I figured I should have some games up my sleeve in case our theme grew dull. I hardly needed the games but we did have a few. Our favorite trivia question was, "Who was the oldest Olympian?" (an 83 year old British curler in 1924) In one group, we created our own snow ball throwing Olympic category. Our white foam ball got a little wild as we tried to toss it across the table into the Olympic cap.) We also had a little fun placing the 5 colored Olympic rings in proper order on the table.
... we had more fun, trying to place them in order...off the table!
Everyone recognized the Olympic Fanfare, Buglar's Dream, written by Leo Arnauds in the 1930's. This piece, heard on TV coverage since 1968, made everyone smile. "It makes me proud to be an American!" I heard from one group member. That made me smile, because I wasn't even sure she was a citizen.

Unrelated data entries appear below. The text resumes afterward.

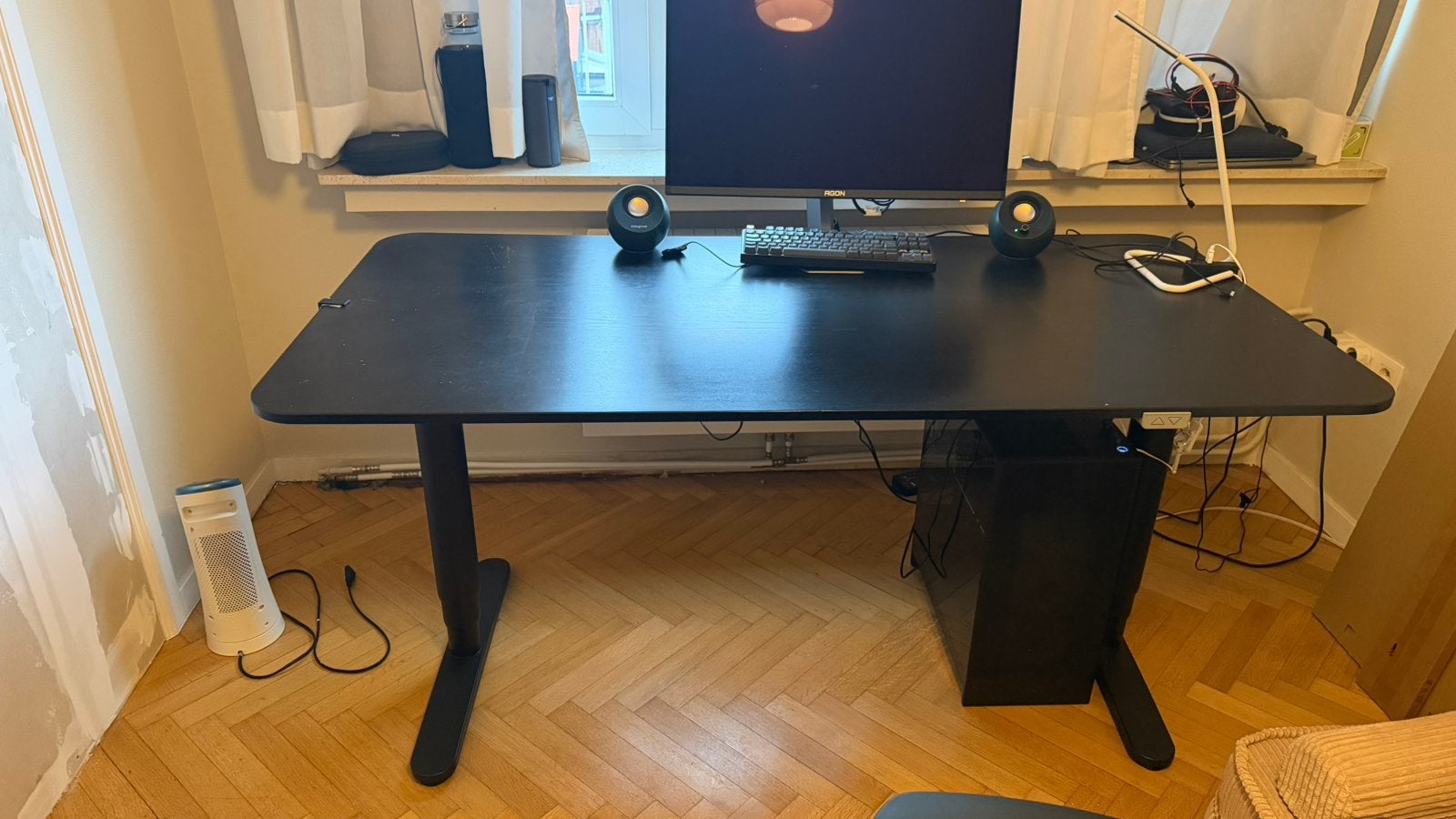 Bureau noir assis-debout electrique IKEA, 160 cm, Bureau assis-debout, Électrique, Utilisé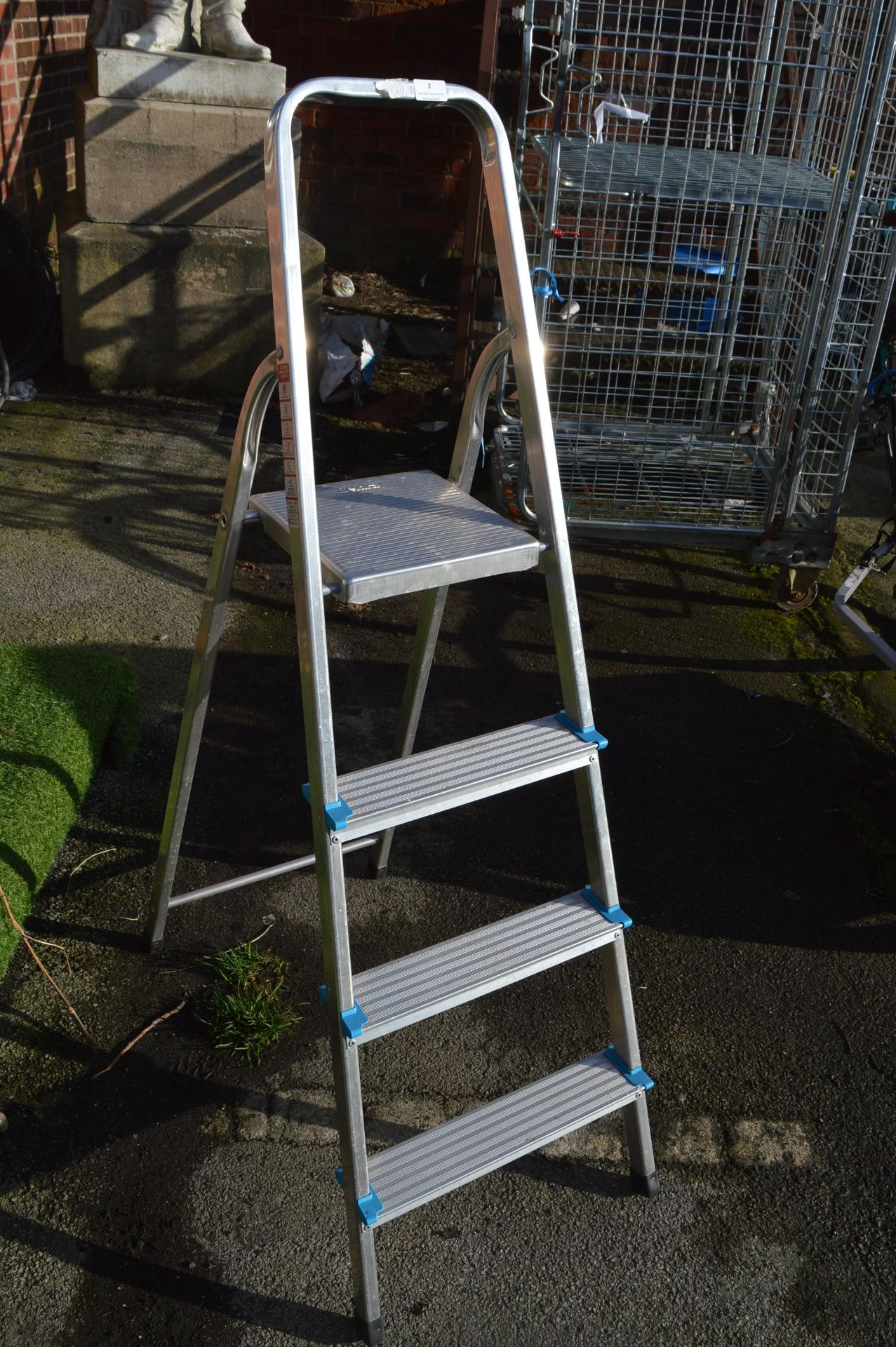 Beldray Four Tread Aluminium Step Ladder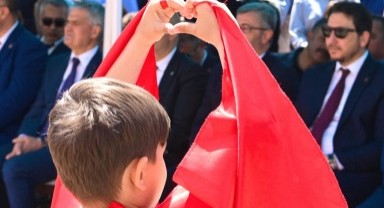 “Ulusal Egemenlik ve Çocuk Bayramı Kutlu Olsun” 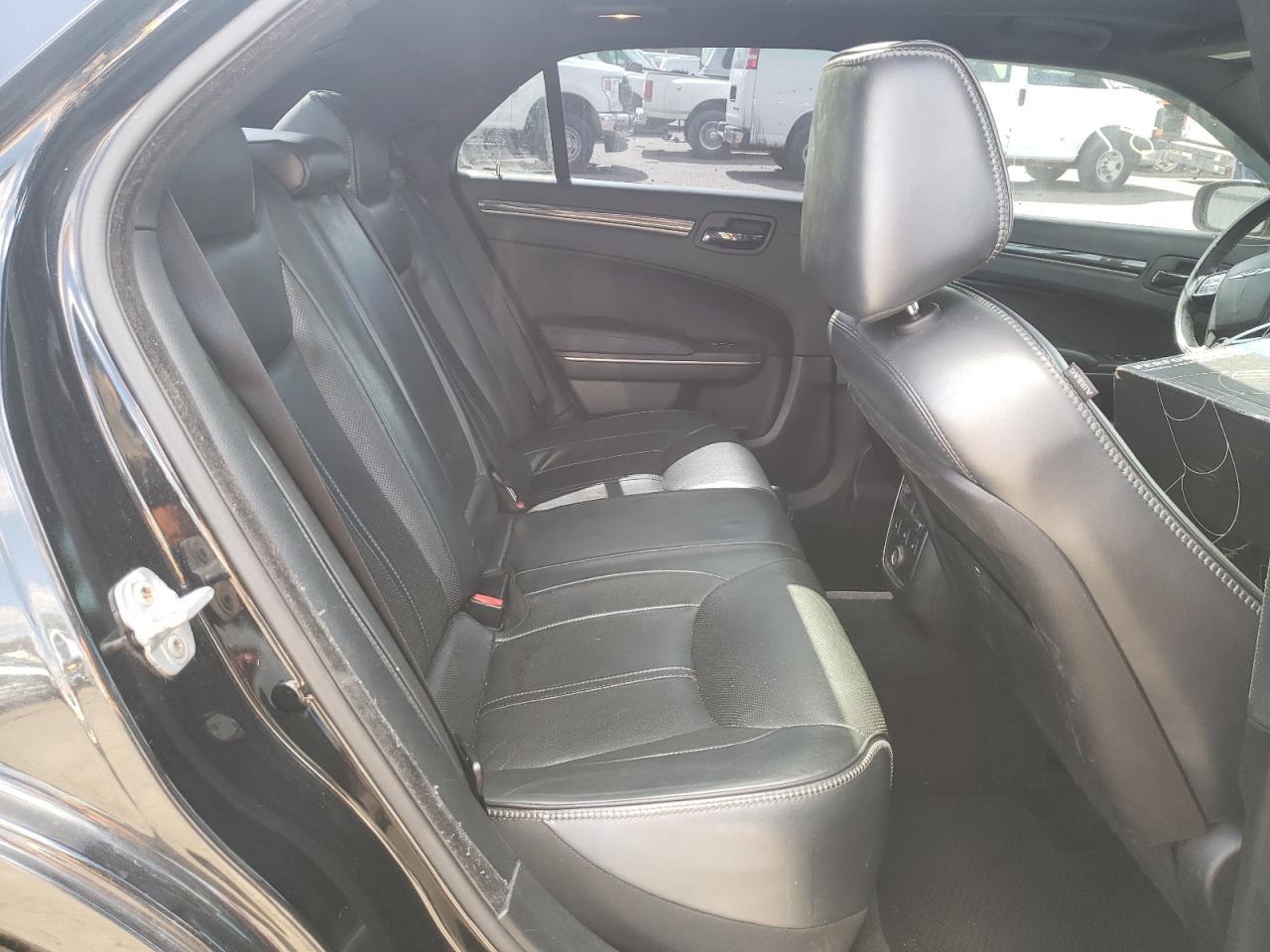 Photo 6 from auction – 2013 CHRYSLER 300C VARVA with VIN 2C3CCADT5DH691871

After playing the inspiring Fanfare, I asked everyone to be quiet and just listen to the next piece. It started softly with violins. As the music grew louder and began to gain speed, I saw a few bodies begin to sway. "Skater's Waltz!" I heard a voice in my first group. I had them imagine the tracks made by the skates as they moved on the ice to this music. I pulled out paper and chalk and let them move their hand over the paper to the 1,2,3 rhythm of the music.
Skating Around the Quilt
Each group reacted a little differently to the Skater's Waltz. Some closed eyes and swayed. Some were eager to point out specific instruments and tempo changes.
Some folks playfully paired up with the person sitting nearby and reached both hands across... for a sort of silly "paired swaying!" But my group at the Community Center took the idea the furthest and created a circle with linked hand holding around the square quilt. As the music played the group swayed along. Some even did a little skating under the table...and ALL did some laughing. We had a fun time imagining what we would actually look like on the ice!
What I learned?
I was totally surprised that all groups with so many different abilities and backgrounds and interests and ages could relate to this theme. I had expected to have a few disinterested in a theme of winter sports, but all seemed to come in with a certain amount of knowledge and interest. Why? I think I have to thank TV coverage. For many without cable, the Olympics has been about the only choice for 2 weeks. Because of that, everyone seemed to be united with a certain amount of Olympics Knowledge. So thanks TV! You made this extra fun for me!
For 20+ years children have called it the Magic Quilt. They've danced and pretended all over these colorful squares. I've dragged it to schools, shelters and studios where children have climbed on top to hear Magic Quilt Stories and to act them out.